では、なぜ2回目の購入をしたか?ということですが……。
何年か前にポケットだか鞄に入れていたら潰してしまったようで、凹んで見栄えが悪くなっていたようです。それを直そうとお湯を入れて蓋をして膨らませようとしたら……継ぎ目から破裂したと。しかもそれを溶接しようと(溶接は父の十八番なのです)したら、融点の低い錫は溶けて大穴が開いてしまったと。

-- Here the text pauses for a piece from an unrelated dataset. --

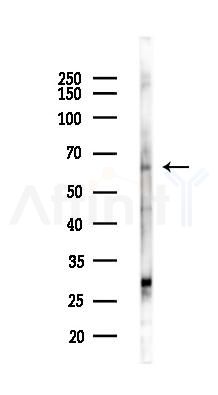 TRIP4 Antibody - Western blot analysis of lysates from PC12 cells(UV,30min treatment), using TRIP4 Antibody at 1/1000 dilution.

他人が聞けば「そんな無謀なことを……」と思われるかもしれませんが、筆者はその気持ちがよく分かります。というか、たぶん息子である自分なら、ネットで調べて同じようなことをしかねないと思いました。そして、失敗して悲しい思いをするところまで思い浮かびました。悲しいかな、これが血というものです。
3年ほど前に調べた際はピューター製のフラスコは市場にほとんどありませんでした。人気も出ないでしょうから輸入が止まっていたのでしょうか。そして先日、先の「破壊話」を聞いて調べたところ、イメージするものが在庫されており購入した次第です。運が良かった。
今回購入したものは、「ハンマード」とよばれる槌目が表面に与えられたものです。この仕上げが筆者は好きで、買うならこれと決めていました。そのほか、鏡面仕上げの「プレーン」が定番で、そのほかにエングレービングが施されたものもあります。ピューターは柔らかいので長年の使用で傷がついてくすんでいくさまが格好良いと思います。(破損した初代の様子を見れなかったのは心残りです。)
そして、形状が購入したもののような角の立ったものと、クッションと呼ばれる角が丸まったものがあります。初代はクッションでしたが、これは自立させにくかったということで今回はこちらを選びました。シンプルで装飾が無く、素材感の良さや、仕事の丁寧さを楽しむというのが筆者の好みに刺さります。
初代は15年愛用されました。2代目が何年もってくれるのかは分かりませんが、10年後に父に会えるかは分からないという年齢になってきました。そんな父に、日々のちょっとした楽しみをプレゼントできるなら、安い買い物です。